WHAT IS EXPECTED -> Retype exactly the lines from the line with "Hyundai Santafe 2019 — photo 17" to the end of the data, keeping both boundary lines.

***** DATA SUPPLIED

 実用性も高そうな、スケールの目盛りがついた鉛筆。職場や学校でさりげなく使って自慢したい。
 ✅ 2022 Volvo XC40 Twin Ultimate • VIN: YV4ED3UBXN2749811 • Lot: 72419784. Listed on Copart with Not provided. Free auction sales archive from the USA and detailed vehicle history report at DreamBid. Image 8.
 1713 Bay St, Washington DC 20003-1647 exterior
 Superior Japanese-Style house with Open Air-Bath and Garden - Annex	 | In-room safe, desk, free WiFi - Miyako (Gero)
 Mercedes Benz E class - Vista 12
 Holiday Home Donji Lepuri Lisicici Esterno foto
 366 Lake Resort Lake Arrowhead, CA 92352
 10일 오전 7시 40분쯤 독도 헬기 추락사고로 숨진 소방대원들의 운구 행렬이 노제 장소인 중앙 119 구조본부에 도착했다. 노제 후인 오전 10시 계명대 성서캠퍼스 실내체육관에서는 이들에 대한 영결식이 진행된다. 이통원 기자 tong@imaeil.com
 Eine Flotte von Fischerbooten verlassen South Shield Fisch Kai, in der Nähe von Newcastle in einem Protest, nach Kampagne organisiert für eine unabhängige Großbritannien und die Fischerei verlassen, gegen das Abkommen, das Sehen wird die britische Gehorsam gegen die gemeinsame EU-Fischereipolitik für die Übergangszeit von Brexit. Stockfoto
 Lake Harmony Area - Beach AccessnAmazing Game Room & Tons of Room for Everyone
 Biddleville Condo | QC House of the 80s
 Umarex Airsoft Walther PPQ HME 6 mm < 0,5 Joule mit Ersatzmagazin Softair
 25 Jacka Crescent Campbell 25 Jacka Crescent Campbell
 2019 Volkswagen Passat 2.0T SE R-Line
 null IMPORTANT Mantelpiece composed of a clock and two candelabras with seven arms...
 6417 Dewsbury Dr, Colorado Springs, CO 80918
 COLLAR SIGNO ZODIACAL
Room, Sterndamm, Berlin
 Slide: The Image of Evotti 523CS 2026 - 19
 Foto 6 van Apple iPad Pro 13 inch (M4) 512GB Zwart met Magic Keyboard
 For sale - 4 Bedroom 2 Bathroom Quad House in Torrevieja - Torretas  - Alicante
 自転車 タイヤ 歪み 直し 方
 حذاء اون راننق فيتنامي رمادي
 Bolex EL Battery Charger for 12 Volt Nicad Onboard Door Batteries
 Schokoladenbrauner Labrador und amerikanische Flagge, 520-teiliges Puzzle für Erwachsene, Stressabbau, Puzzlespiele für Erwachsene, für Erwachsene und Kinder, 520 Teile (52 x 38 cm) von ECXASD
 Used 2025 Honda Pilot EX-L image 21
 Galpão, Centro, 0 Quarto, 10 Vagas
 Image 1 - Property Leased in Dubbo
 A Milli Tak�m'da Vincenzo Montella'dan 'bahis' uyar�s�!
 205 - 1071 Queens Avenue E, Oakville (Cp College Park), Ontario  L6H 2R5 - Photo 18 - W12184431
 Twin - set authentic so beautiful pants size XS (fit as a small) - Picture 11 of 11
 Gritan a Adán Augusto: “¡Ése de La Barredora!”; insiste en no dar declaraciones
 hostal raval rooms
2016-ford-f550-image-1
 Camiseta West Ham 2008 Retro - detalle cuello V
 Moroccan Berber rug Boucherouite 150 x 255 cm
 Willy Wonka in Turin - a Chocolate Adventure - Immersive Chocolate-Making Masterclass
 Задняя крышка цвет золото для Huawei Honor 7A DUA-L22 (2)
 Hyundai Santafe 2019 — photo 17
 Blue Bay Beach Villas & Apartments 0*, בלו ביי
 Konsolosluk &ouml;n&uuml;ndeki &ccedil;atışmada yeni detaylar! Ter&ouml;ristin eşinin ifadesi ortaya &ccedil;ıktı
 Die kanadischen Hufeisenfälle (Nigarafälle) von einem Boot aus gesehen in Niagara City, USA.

**********

FINISHED EXERCISE ->
 Hyundai Santafe 2019 — photo 17
 Blue Bay Beach Villas & Apartments 0*, בלו ביי
 Konsolosluk &ouml;n&uuml;ndeki &ccedil;atışmada yeni detaylar! Ter&ouml;ristin eşinin ifadesi ortaya &ccedil;ıktı
 Die kanadischen Hufeisenfälle (Nigarafälle) von einem Boot aus gesehen in Niagara City, USA.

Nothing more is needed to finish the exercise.